Task item
Reproduce, unchanged, the lines between the one holding "X0000096641532200802261246" and the last line of the records, including both ends, but no pictures.

Supplied records

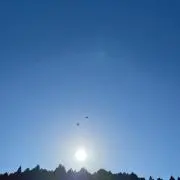 SUS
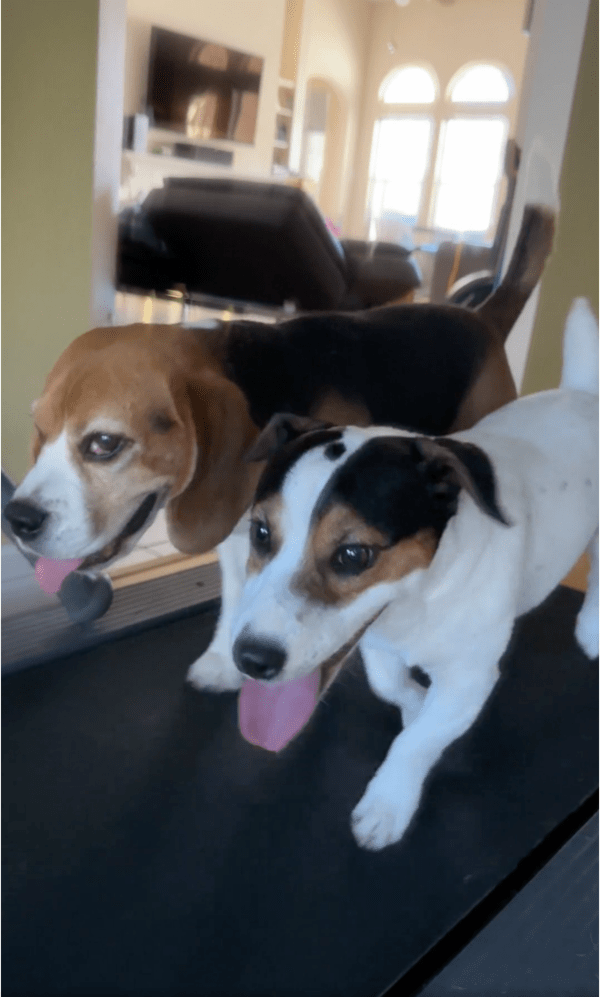 출처: Reddit / 친구와 속도 맞춰 뛰는 강아지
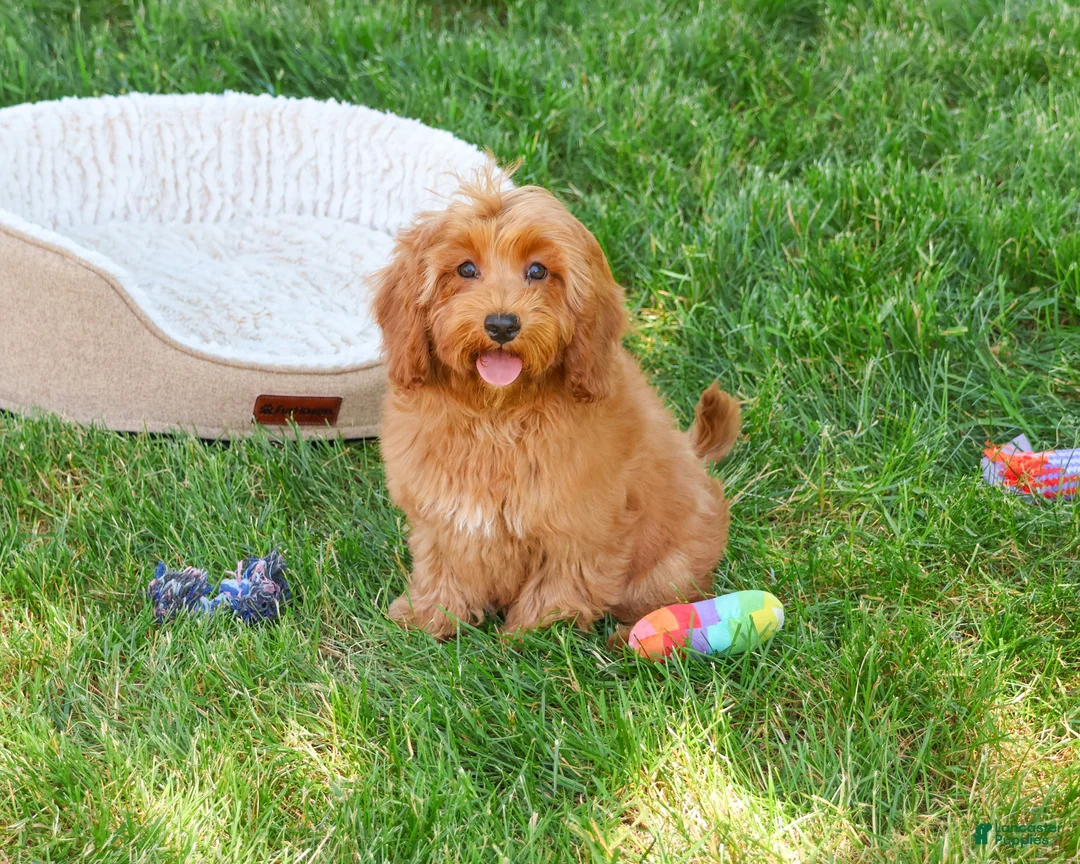 Cavapoo dogs for sale: Amore  - Ad 2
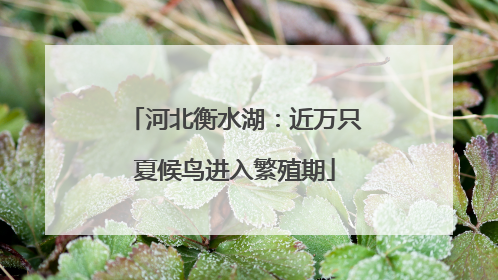 河北衡水湖：近万只夏候鸟进入繁殖期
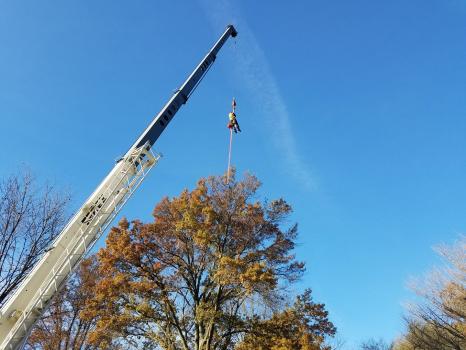 Image for Coughlin Tree Service with ID of: 6124082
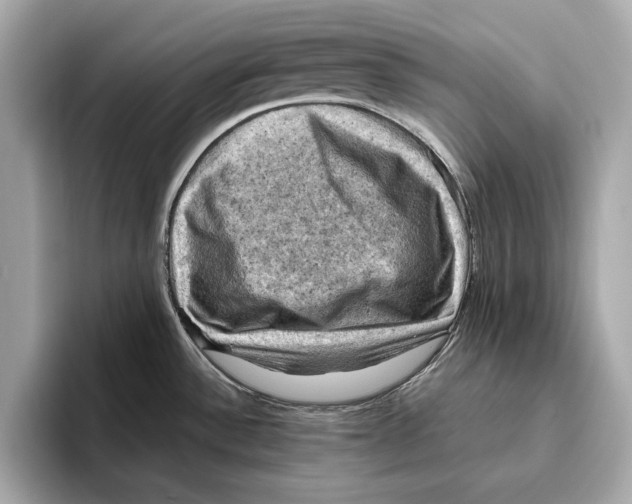 X0000096641532200802261246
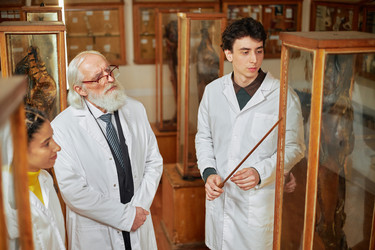 Similar image 22238262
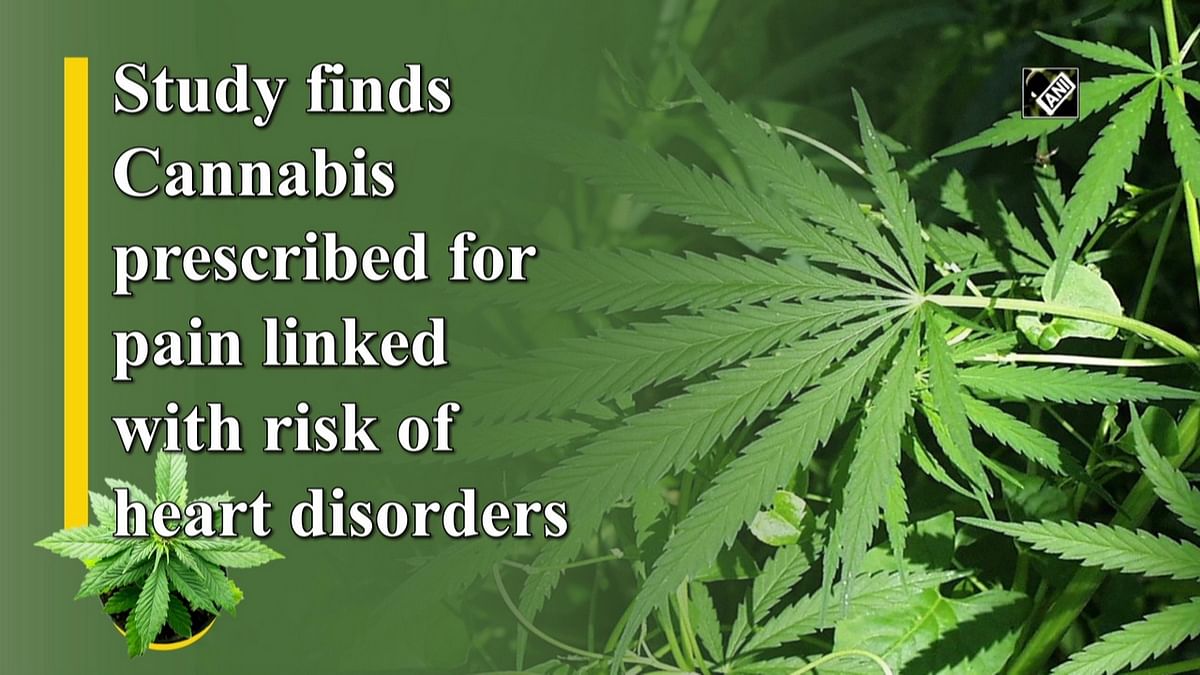 Study finds Cannabis prescribed for pain linked with risk of heart disorders
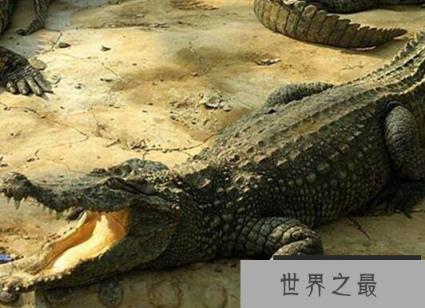 鳄鱼是什么动物类型，鳄鱼的特性和习性是什么？
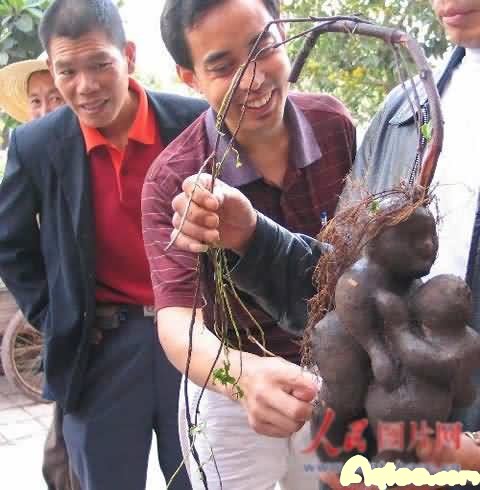 重庆惊现成精何首乌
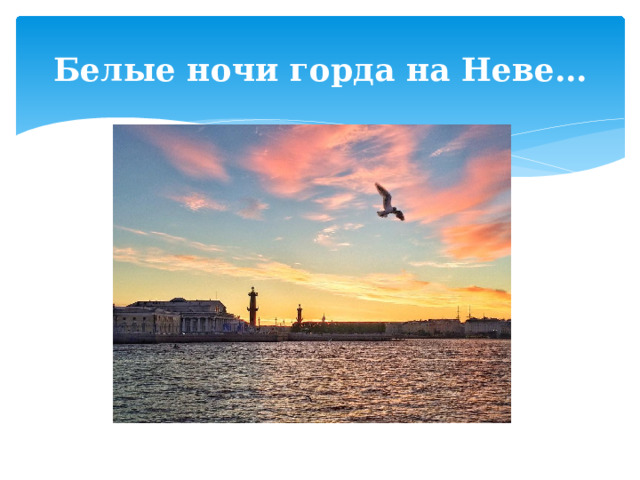 Белые ночи горда на Неве… 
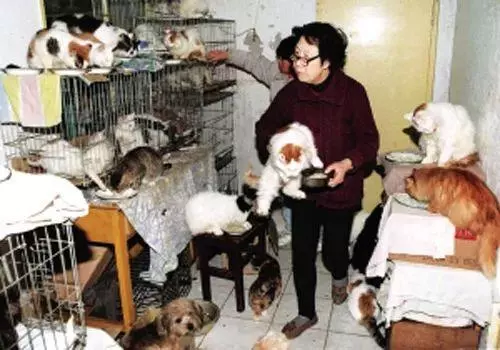 她賣掉了自己的房子,卻讓1000餘只流浪動物擁有了家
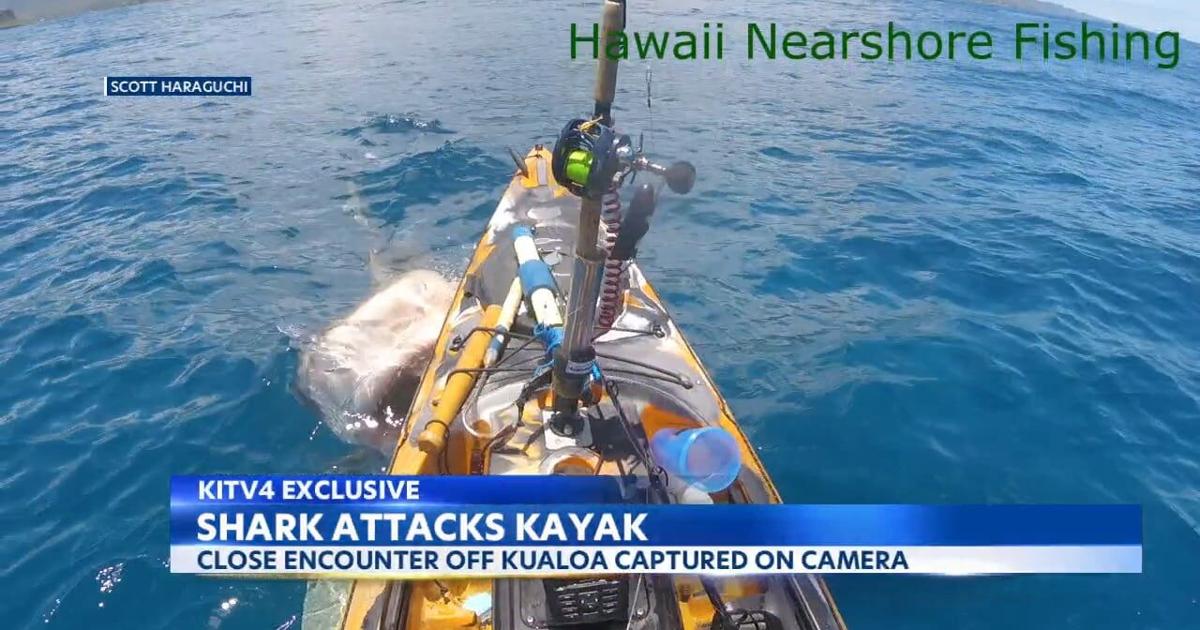 Featured image for Kayak Attacked by Shark off Hawaii Coast, Caught on Camera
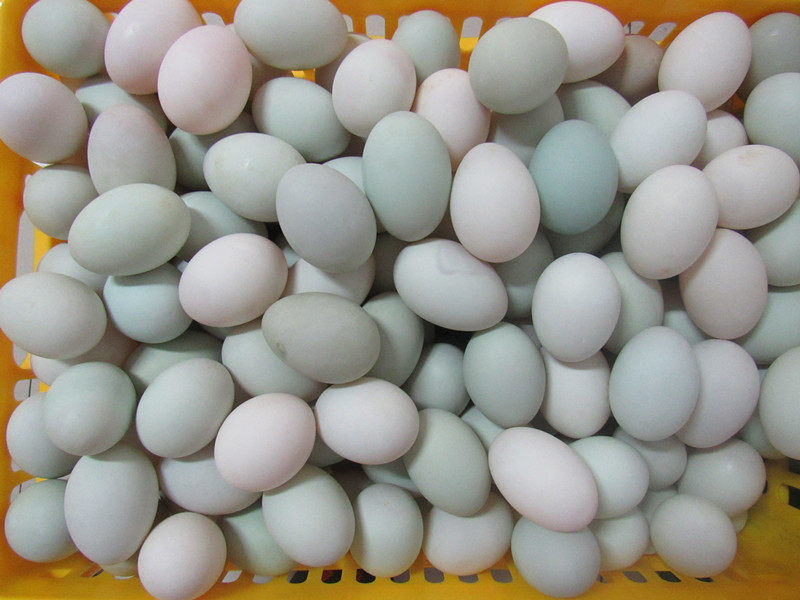 钦州食用农产品茅尾海散养正宗绿皮海鸭蛋新鲜鸭蛋30枚装包邮 - 钦州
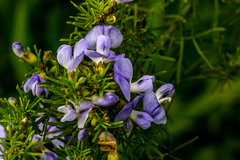 Psoralea glabra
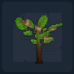 Apple Sapling Icon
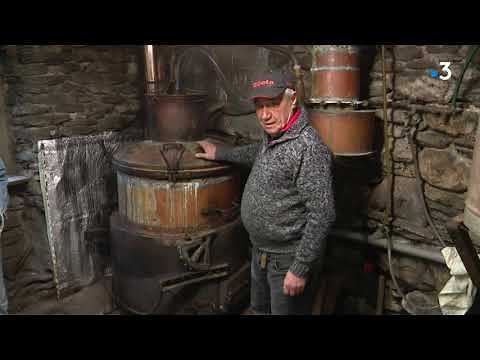Sainte-Croix-Vallée-Française : Michel le bouilleur de cru et son alambic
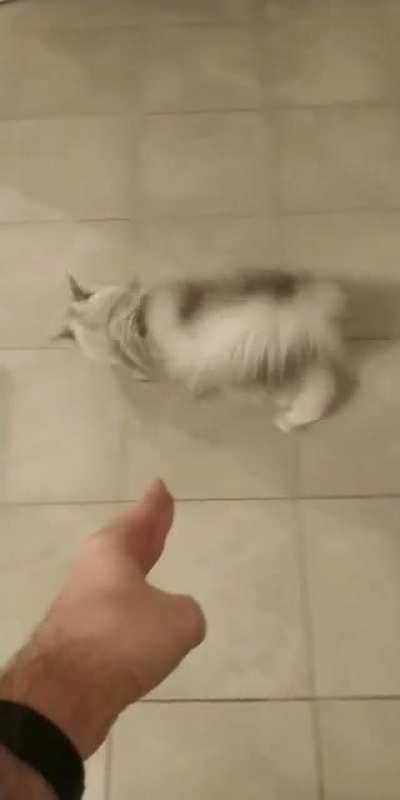 MEOW_IRL
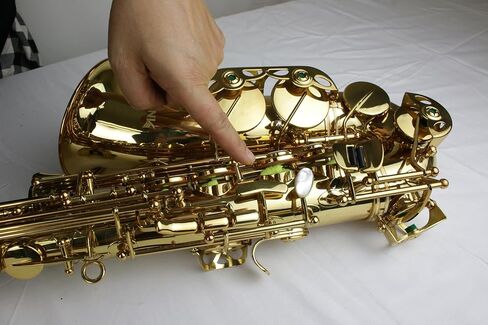 Anfree Alto Saxophone Body Swab-Blue in Saudi Arabia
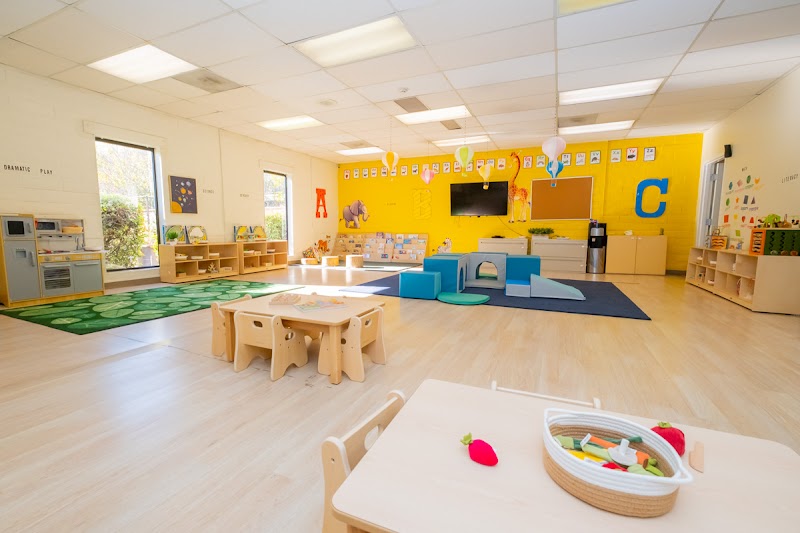 Safari Kid - Cupertino, Global Preschool, Afterschool & Daycare photo 2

Response below
 X0000096641532200802261246
 Similar image 22238262
 Study finds Cannabis prescribed for pain linked with risk of heart disorders
 鳄鱼是什么动物类型，鳄鱼的特性和习性是什么？
 重庆惊现成精何首乌
 Белые ночи горда на Неве… 
 她賣掉了自己的房子,卻讓1000餘只流浪動物擁有了家
 Featured image for Kayak Attacked by Shark off Hawaii Coast, Caught on Camera
 钦州食用农产品茅尾海散养正宗绿皮海鸭蛋新鲜鸭蛋30枚装包邮 - 钦州
 Psoralea glabra
 Apple Sapling Icon
Sainte-Croix-Vallée-Française : Michel le bouilleur de cru et son alambic
 MEOW_IRL
 Anfree Alto Saxophone Body Swab-Blue in Saudi Arabia
 Safari Kid - Cupertino, Global Preschool, Afterschool & Daycare photo 2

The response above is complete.